Question

if 6 term of an ap is -10 and 10term -26 then find the 15term

Answer 1

Answer:

- 46

Step-by-step explanation:

From the properties of AP :

        nth term = a + ( n - 1 )d            { where a is the first term and d is the common difference between the terms }.
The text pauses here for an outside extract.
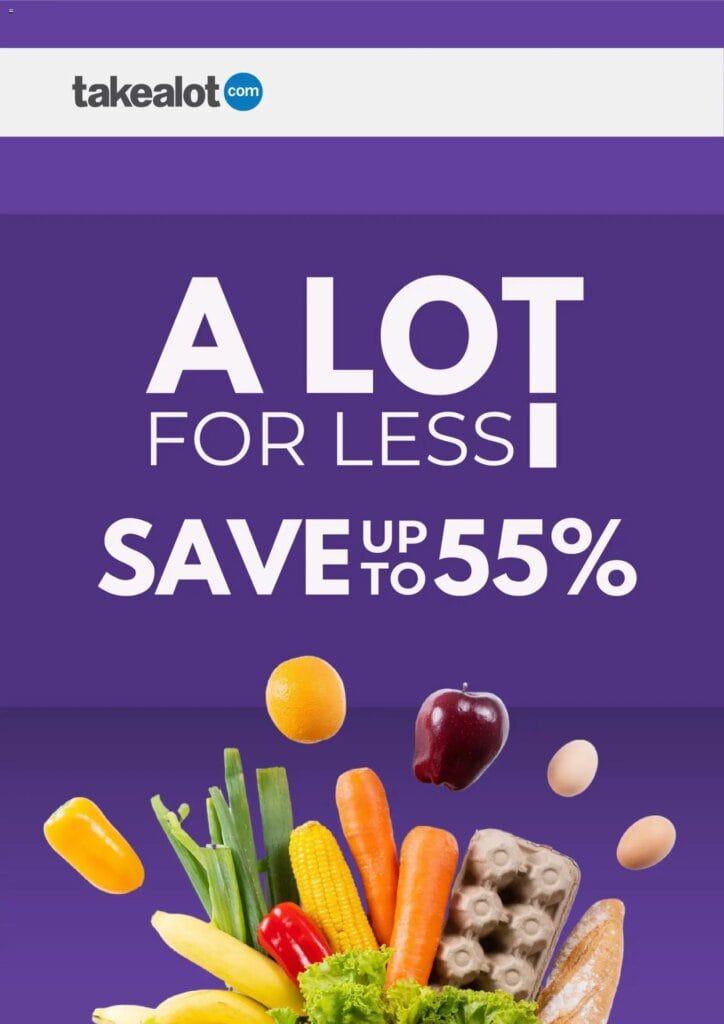 Takealot Specials (from Sunday 01/02/2026) Online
Let : first term of this AP be a and d be the common difference.

6th term is - 10:

⇒ a + ( 6 - 1 )d = - 10

⇒ a + 5d = - 10                 ...( 1 )

10th term is -26 :

⇒ a + ( 10 - 1 )d = - 26

⇒ a + 9d = - 26             ...( 2 )

⇒ ( 2 ) - ( 1 )

⇒ a + 9d - a - 5d = - 26 - (- 10 )

⇒ 4d = - 26 + 10

⇒ 4d = - 16

⇒ d = - 4

            Thus,

            a + 5d = - 10

            a + 5( - 4 ) = -10

            a = - 10 + 20

            a = 10

Hence 15 th term is :

⇒  a + 14d

⇒  10 + 14( - 4 )

⇒ 10 - 56

⇒ - 46

Answer 2

Given :

• 6 th term of an ap is -10.
• 10 th term of the ap is -26.

To Find :

• The 15th term, $\bold{t_{15}}$

Solution :

Let the first term of the ap be a.

Let the common difference of the ap be d.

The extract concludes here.